Short web captions
----------------

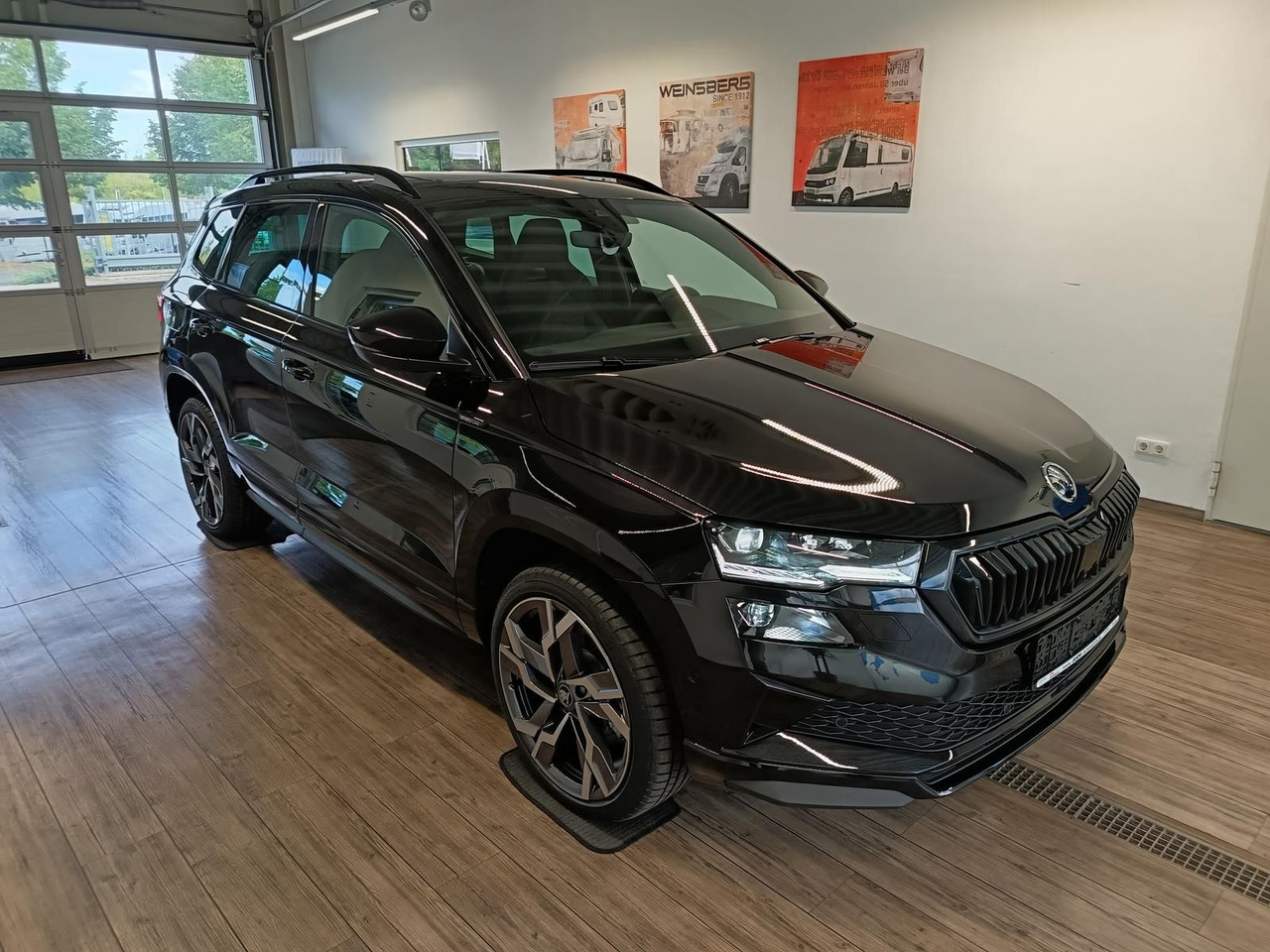 Skoda Karoq Sportline 1,5 TSI DSG*AHK*PSD*STD.HZG*NAVI - SUV: foto 3 Skoda Karoq Sportline 1,5 TSI DSG*AHK*PSD*STD.HZG*NAVI - SUV: foto 3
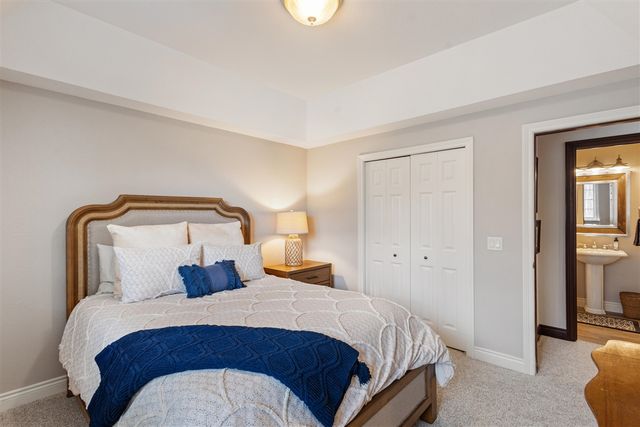 8049 Barony Point, Mattawan, MI 49071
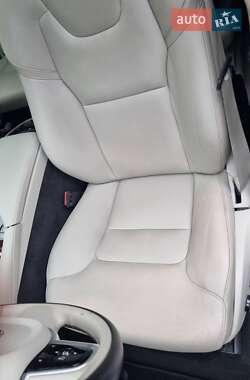 Внедорожник / Кроссовер Volvo XC90 2019 в 
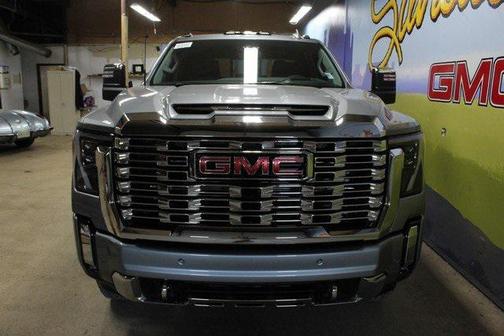2025 GMC Sierra 2500 Denali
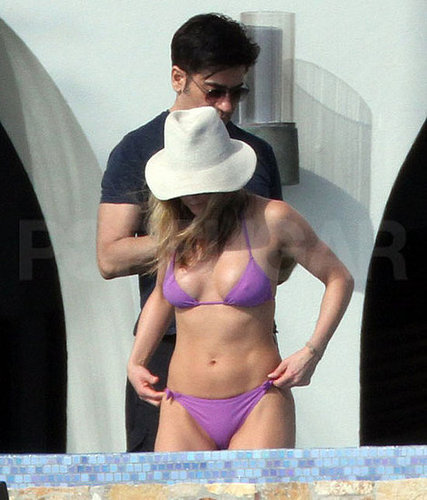 Jennifer Aniston Bikini Pictures in Cabo With Chelsea Handler on Thanksgiving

----------------

REQUIRED WORK:
In the copy, include every line of the records exactly and none of the images.

RESULT FOR THIS TASK:
 Skoda Karoq Sportline 1,5 TSI DSG*AHK*PSD*STD.HZG*NAVI - SUV: foto 3 Skoda Karoq Sportline 1,5 TSI DSG*AHK*PSD*STD.HZG*NAVI - SUV: foto 3
 8049 Barony Point, Mattawan, MI 49071
 Внедорожник / Кроссовер Volvo XC90 2019 в 
2025 GMC Sierra 2500 Denali
 Jennifer Aniston Bikini Pictures in Cabo With Chelsea Handler on Thanksgiving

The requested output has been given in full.